Meanwhile, for FOTA, the FIA has provided a galvanizing tool to cement the teams together in a way you’d never have though possible a few years ago. It was only 2007 when the grid was nearly torn apart by the scandal of one team spying on another, let’s not forget. But now, they’re cheery and happy and all loved-up. Before you know it they’ll all be swapping mix tapes, etching their initials into a tree trunk and awkwardly snogging each other in the back of a Ford Fiesta. Without a central figure to direct their inevitable moaning and hatred on to, they’ll soon be tearing each other, and their new series, apart.

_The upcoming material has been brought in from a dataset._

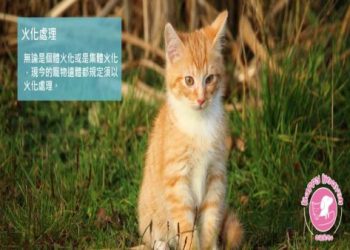 去寵物靈骨塔禁忌有哪些?這幾個重點必須知道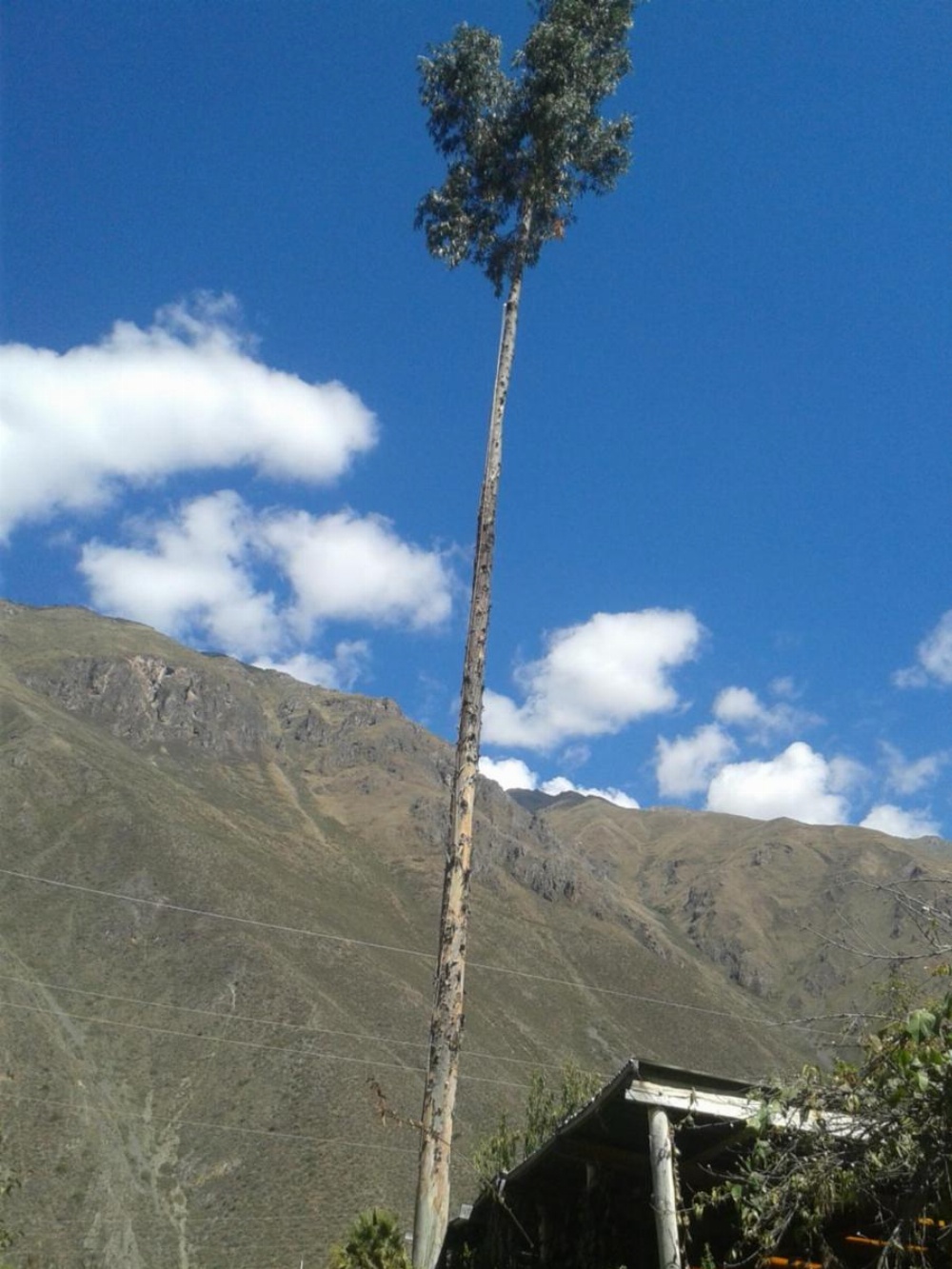 Casa Quechua Hostel Camping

Or possibly, and worryingly, the FOTA teams are beginning to become too confident in their own pre-eminence. After all, this week it has been Max who has been on his knees and making concessions, with the 2010 budget cap relaxed, any remnants of a two-tier rules system removed and a promise (and it depends on how you view Mosley as to how much faith you put in that) to renegotiate a new Concorde agreement after the entry list has been finalised. But FOTA refused to budge one inch. It was an all-or-nothing approach often used by the FIA themselves, and akin to trying to haggle with the world's most stubborn market stall owner.
But overwhelmingly, the situation will somehow get resolved. No matter what cobbled together entry list the FIA release for next year on Saturday, FOTA's announcement is very much not the end of this farce, it's more like the beginning of a whole new angle for negotiations.
At least it hopefully is, I mean, nobody can really be this stupid? Can they?